The response must contain every line of the records that follow, duplicated exactly.

━━━━━━

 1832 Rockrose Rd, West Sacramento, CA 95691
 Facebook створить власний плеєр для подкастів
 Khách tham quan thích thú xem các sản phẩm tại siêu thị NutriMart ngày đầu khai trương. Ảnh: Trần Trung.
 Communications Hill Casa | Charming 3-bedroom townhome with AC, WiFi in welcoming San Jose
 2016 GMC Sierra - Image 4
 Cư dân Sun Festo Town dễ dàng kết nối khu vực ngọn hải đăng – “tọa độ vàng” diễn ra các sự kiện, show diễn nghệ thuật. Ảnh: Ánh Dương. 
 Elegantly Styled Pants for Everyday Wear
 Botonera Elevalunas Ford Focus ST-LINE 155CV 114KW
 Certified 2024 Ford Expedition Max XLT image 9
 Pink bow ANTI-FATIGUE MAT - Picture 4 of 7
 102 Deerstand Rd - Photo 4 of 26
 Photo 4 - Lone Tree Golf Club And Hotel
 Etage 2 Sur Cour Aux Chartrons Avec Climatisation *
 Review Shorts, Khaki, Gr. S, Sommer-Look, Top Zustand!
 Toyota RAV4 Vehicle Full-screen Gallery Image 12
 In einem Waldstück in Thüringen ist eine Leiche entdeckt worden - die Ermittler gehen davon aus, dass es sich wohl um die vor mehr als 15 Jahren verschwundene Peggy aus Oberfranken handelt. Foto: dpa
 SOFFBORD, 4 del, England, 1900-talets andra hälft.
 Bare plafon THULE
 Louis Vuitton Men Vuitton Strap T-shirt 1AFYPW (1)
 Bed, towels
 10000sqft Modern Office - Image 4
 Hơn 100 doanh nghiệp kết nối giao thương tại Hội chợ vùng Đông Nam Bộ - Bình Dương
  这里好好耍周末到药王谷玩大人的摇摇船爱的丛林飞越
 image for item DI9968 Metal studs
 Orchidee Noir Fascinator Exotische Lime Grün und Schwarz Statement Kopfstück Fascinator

━━━━━━

### Answer section
 1832 Rockrose Rd, West Sacramento, CA 95691
 Facebook створить власний плеєр для подкастів
 Khách tham quan thích thú xem các sản phẩm tại siêu thị NutriMart ngày đầu khai trương. Ảnh: Trần Trung.
 Communications Hill Casa | Charming 3-bedroom townhome with AC, WiFi in welcoming San Jose
 2016 GMC Sierra - Image 4
 Cư dân Sun Festo Town dễ dàng kết nối khu vực ngọn hải đăng – “tọa độ vàng” diễn ra các sự kiện, show diễn nghệ thuật. Ảnh: Ánh Dương. 
 Elegantly Styled Pants for Everyday Wear
 Botonera Elevalunas Ford Focus ST-LINE 155CV 114KW
 Certified 2024 Ford Expedition Max XLT image 9
 Pink bow ANTI-FATIGUE MAT - Picture 4 of 7
 102 Deerstand Rd - Photo 4 of 26
 Photo 4 - Lone Tree Golf Club And Hotel
 Etage 2 Sur Cour Aux Chartrons Avec Climatisation *
 Review Shorts, Khaki, Gr. S, Sommer-Look, Top Zustand!
 Toyota RAV4 Vehicle Full-screen Gallery Image 12
 In einem Waldstück in Thüringen ist eine Leiche entdeckt worden - die Ermittler gehen davon aus, dass es sich wohl um die vor mehr als 15 Jahren verschwundene Peggy aus Oberfranken handelt. Foto: dpa
 SOFFBORD, 4 del, England, 1900-talets andra hälft.
 Bare plafon THULE
 Louis Vuitton Men Vuitton Strap T-shirt 1AFYPW (1)
 Bed, towels
 10000sqft Modern Office - Image 4
 Hơn 100 doanh nghiệp kết nối giao thương tại Hội chợ vùng Đông Nam Bộ - Bình Dương
  这里好好耍周末到药王谷玩大人的摇摇船爱的丛林飞越
 image for item DI9968 Metal studs
 Orchidee Noir Fascinator Exotische Lime Grün und Schwarz Statement Kopfstück Fascinator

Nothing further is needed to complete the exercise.